Perhaps I am being unfair---I was raised long before personal computers and
simply did not grow up, Ipod in hand, as my daughter is doing now.
It may be that the creators of GoAnimate honestly
believe that they can presume much more electronic sophistication than I and many
others possess.
Or perhaps they really
believe that their product is so intuitively obvious that they don’t need to
provide documentation to nonetheless attract a large body of users and make a
return on their investment.
All of which brings me to a second shortcoming.
This is the fact that attempts to create
actual educational animations after using the available tutorials are bound to
lead to much frustration, unless one gives in and buys the Plus version from the
beginning.
Unfortunately, the web site
provides relatively little information about making the animations or the rules
under which the animations operate.
A
full list would be greatly appreciated, and would include explicit statements
about the two minute limit, and a host of other issues.
(To give an example:
is it possible to readily copy the style of
an animation into another animation, so that one can make a part 1 and a part 2?

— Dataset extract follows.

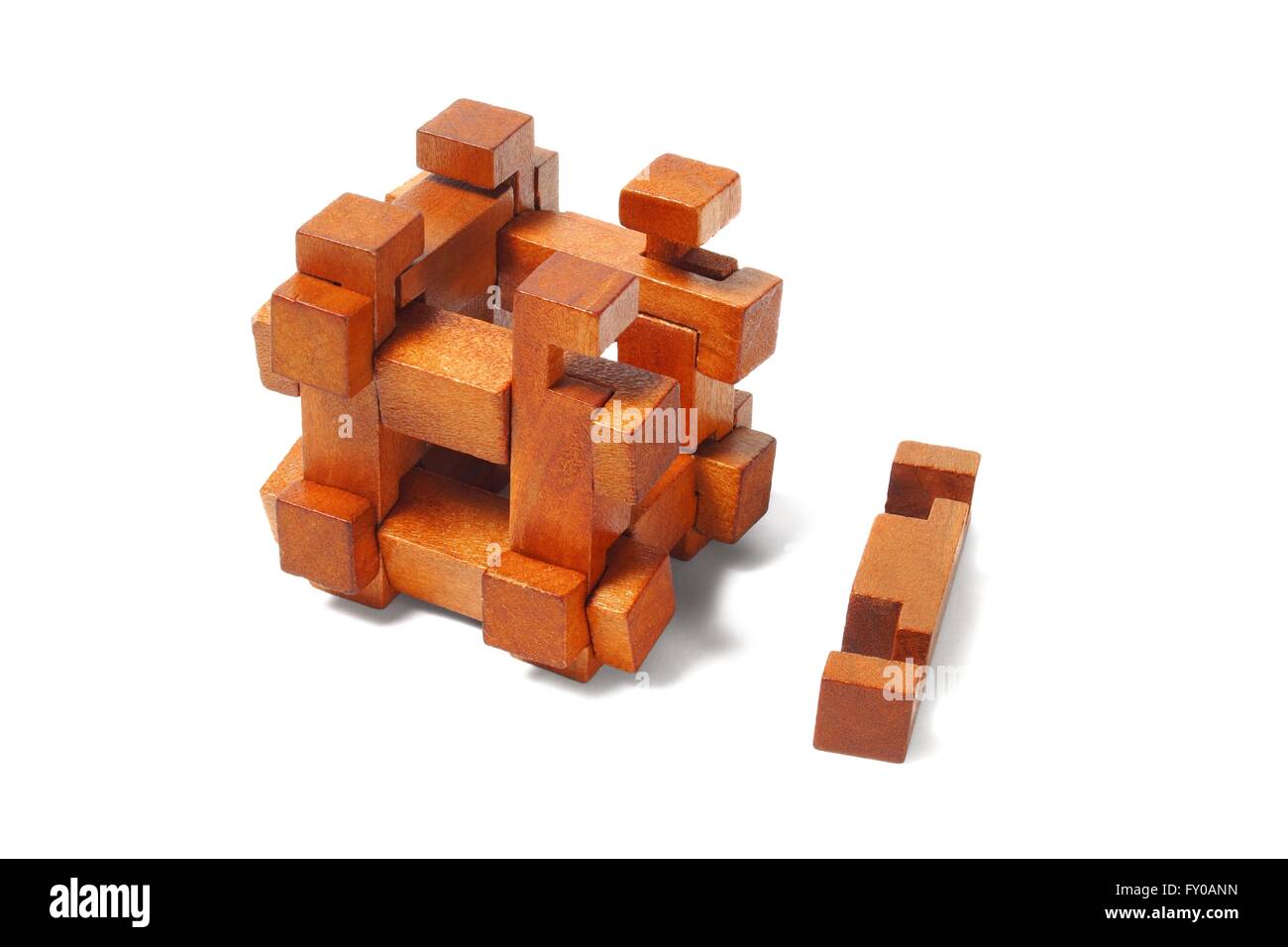 Classic wooden puzzle isolated on white background Stock Photo - Alamy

Or does one have to create a part 1, then
start a new video and go through the whole process of remembering and
re-creating all of the settings?)
Because the website does not provide such information in a straightforward
fashion, there is a tendency to look at the limited information comparing the
Basic and Plus versions, and wonder just how trustworthy this company is.
Will creation of animations really get any
easier by buying Plus?
Will more
information be forthcoming after buying Plus?
Many educational users are liable to balk and use the free version, get frustrated,
and then seek out other options.
Presumably there are other options for animation, or for simulation out
there.
I decided it was worth getting Plus
for three months to give it a real try.
I was able to create a much better animation than I thought I would be
able to create on a first try.
Yes, it
has a lot of rough spots, and I have much to learn.
For this assignment, there is a real balance
to be made among the constraints: the urge to be creative, the urge to try out
the multiplicity of possibilities, the urge to keep it short, the urge to cover
the science in an interesting way, the urge to not be perfectionistic, and the
realization that figuring out how it all really works is far beyond the limited
time available, especially given the limited documentation provided.
Final comments: I would certainly encourage secondary students to learn and use GoAnimate, or other animation programs, especially if better documentation were available. I would use it to introduce concepts, create interest, break up lessons into manageable chunks, summarize previous instruction, etc. But first I would have to become a competent practioner of animation.
*For those interested:
an example
research-based rubric assessing the incorporation of technology into science
presentations is given by Mott et al., 2011, Assessing student scientific
expression using media: the media-enhanced science presentation rubric (MESPR),
Journal of STEM Education, vol. 12, p. 33-41.